REQUIREMENT
Beneath this line sits some data. Return only its lines from the one holding "Children's battery-operated sound" through the one holding "Fairphone Gen.6 with Fairbuds in white", inclusive, exactly, with the images removed.

====== PROVIDED ENTRIES ======

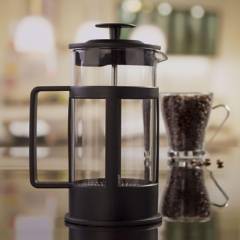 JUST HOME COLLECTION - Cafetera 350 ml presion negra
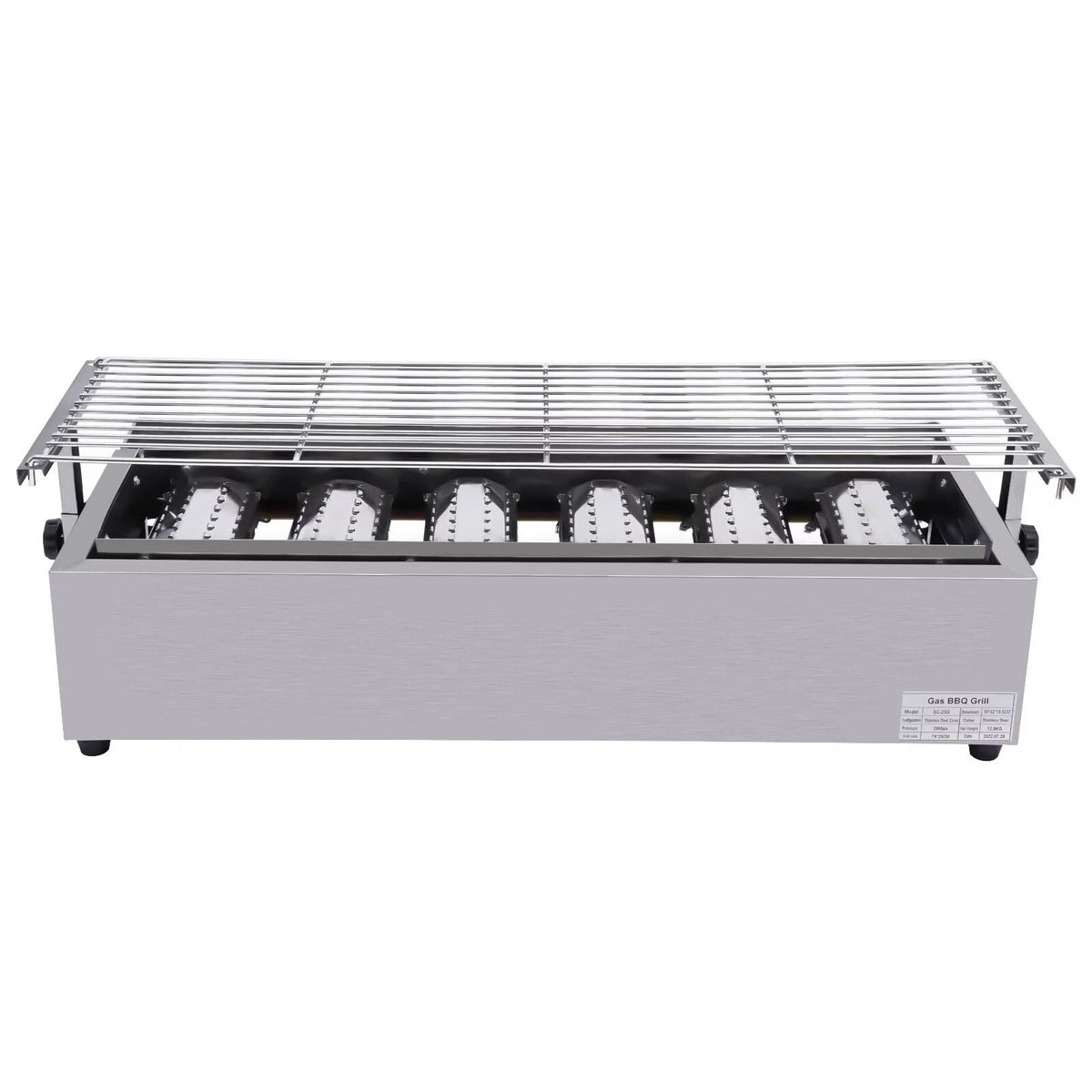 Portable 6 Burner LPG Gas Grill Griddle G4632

======
====== PROVIDED ENTRIES ======

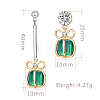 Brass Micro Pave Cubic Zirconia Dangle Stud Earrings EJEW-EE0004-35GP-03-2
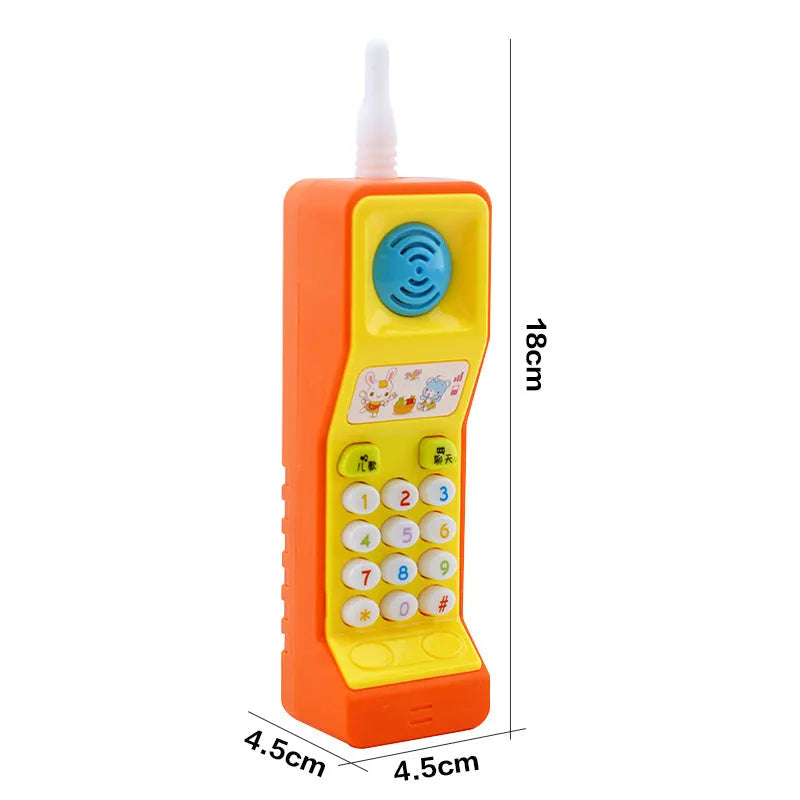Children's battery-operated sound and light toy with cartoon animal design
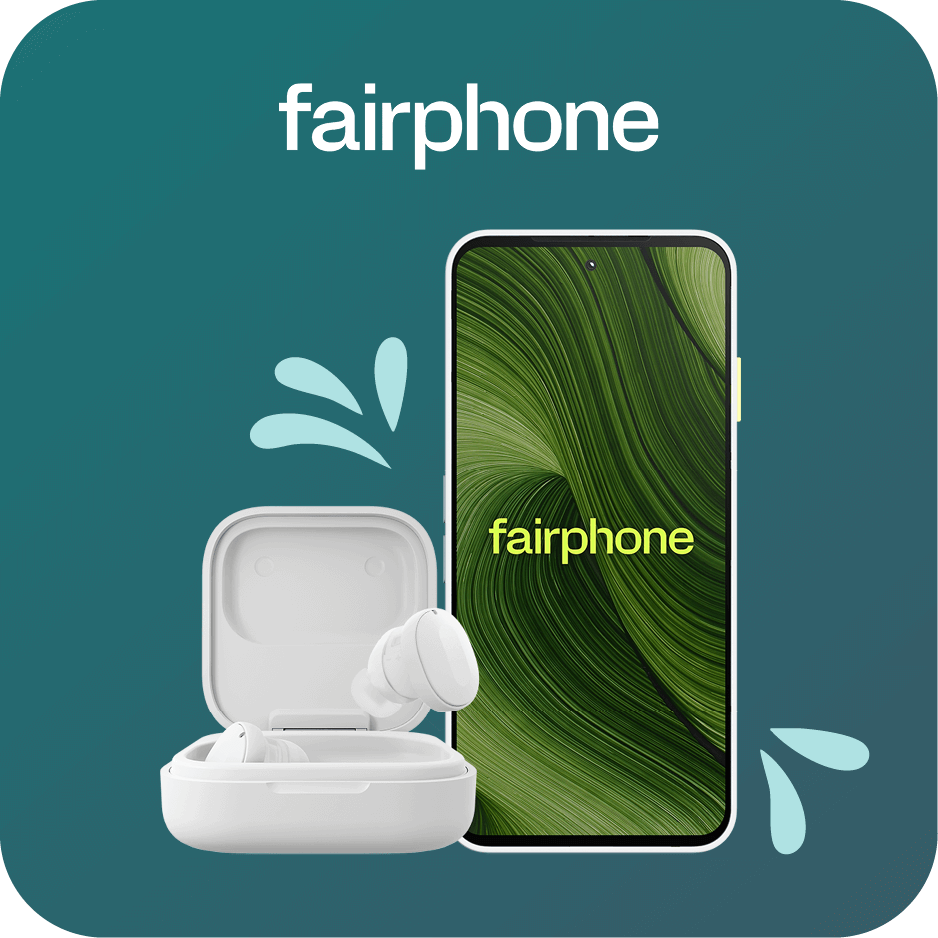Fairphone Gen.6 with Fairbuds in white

======
====== PROVIDED ENTRIES ======

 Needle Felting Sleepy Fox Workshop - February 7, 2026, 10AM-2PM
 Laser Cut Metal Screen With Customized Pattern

======

THE ANSWER
Children's battery-operated sound and light toy with cartoon animal design
Fairphone Gen.6 with Fairbuds in white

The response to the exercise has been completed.